Data entries
Segment Open
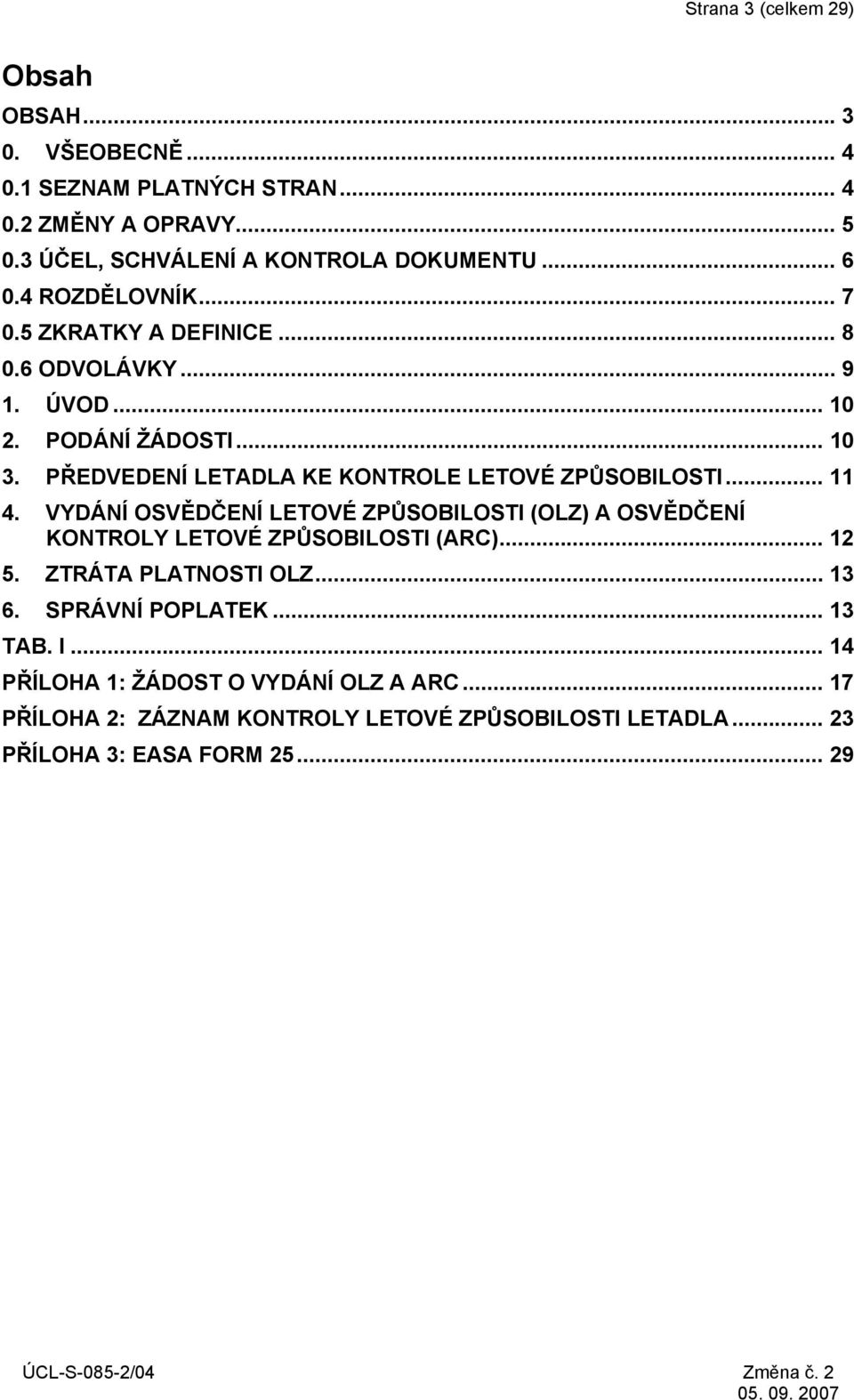 PŘEDVEDENÍ LETADLA KE KONTROLE LETOVÉ ZPŮSOBILOSTI... 11 4. VYDÁNÍ OSVĚDČENÍ LETOVÉ ZPŮSOBILOSTI (OLZ) A OSVĚDČENÍ KONTROLY LETOVÉ ZPŮSOBILOSTI (ARC)... 12 5.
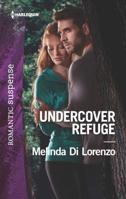 Undercover Refuge 1335662049 Book Cover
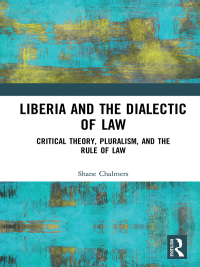 Imagen de portada: Liberia and the Dialectic of Law 1st edition 9781138545731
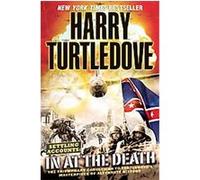 Settling Accounts In at The Death Harry Turtledove (Auteur)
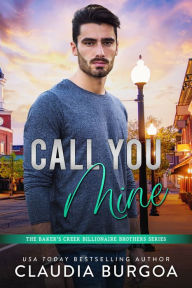 Title: Call You Mine, Author: Claudia Burgoa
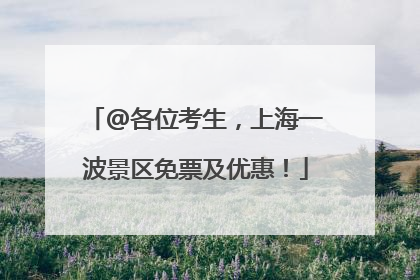 @各位考生，上海一波景区免票及优惠！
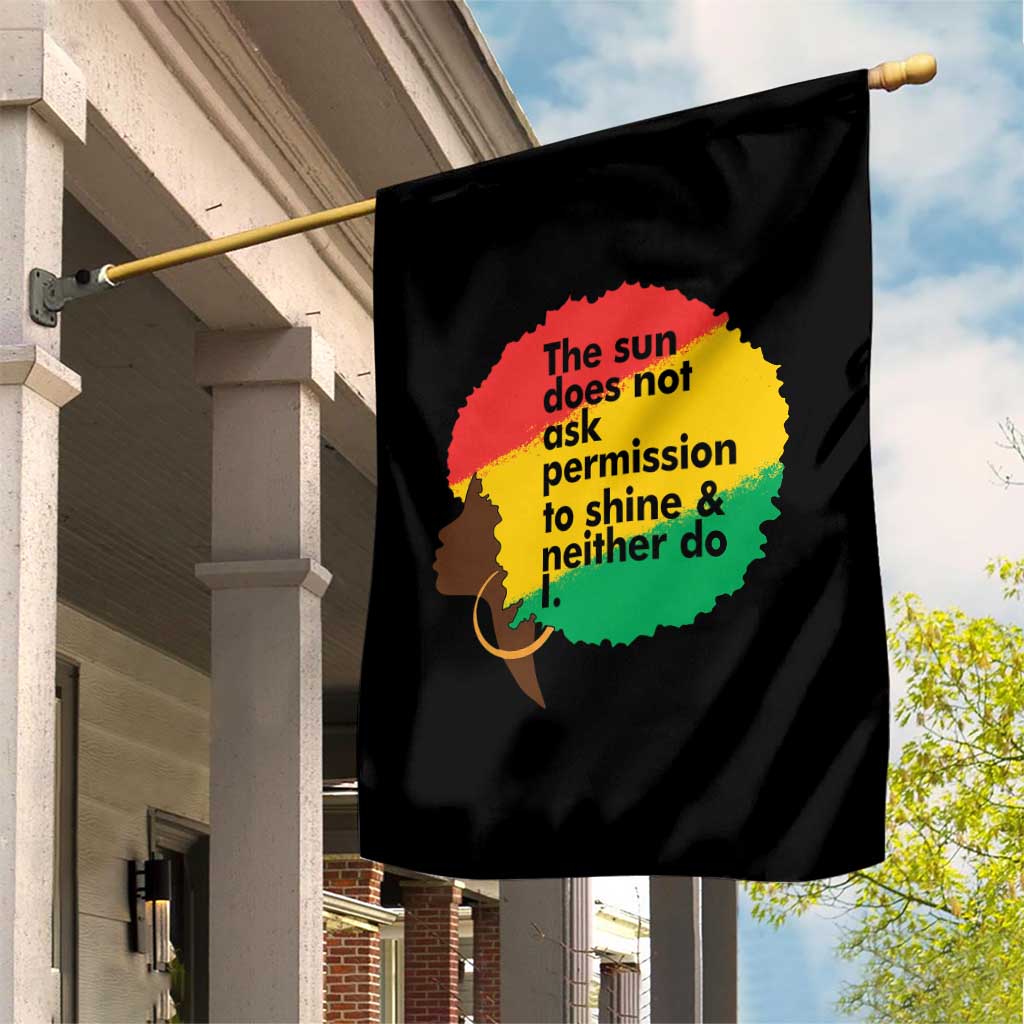 Black Woman Empowerment Garden Flag The Sun Does Not Ask Permission To Shine - Wonder Print Shop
Segment Closed
What you should do:
Return each entry above unchanged. Leave the pictures out.

Response area:
 PŘEDVEDENÍ LETADLA KE KONTROLE LETOVÉ ZPŮSOBILOSTI... 11 4. VYDÁNÍ OSVĚDČENÍ LETOVÉ ZPŮSOBILOSTI (OLZ) A OSVĚDČENÍ KONTROLY LETOVÉ ZPŮSOBILOSTI (ARC)... 12 5.
 Undercover Refuge 1335662049 Book Cover
 Imagen de portada: Liberia and the Dialectic of Law 1st edition 9781138545731
 Settling Accounts In at The Death Harry Turtledove (Auteur)
 Title: Call You Mine, Author: Claudia Burgoa
 @各位考生，上海一波景区免票及优惠！
 Black Woman Empowerment Garden Flag The Sun Does Not Ask Permission To Shine - Wonder Print Shop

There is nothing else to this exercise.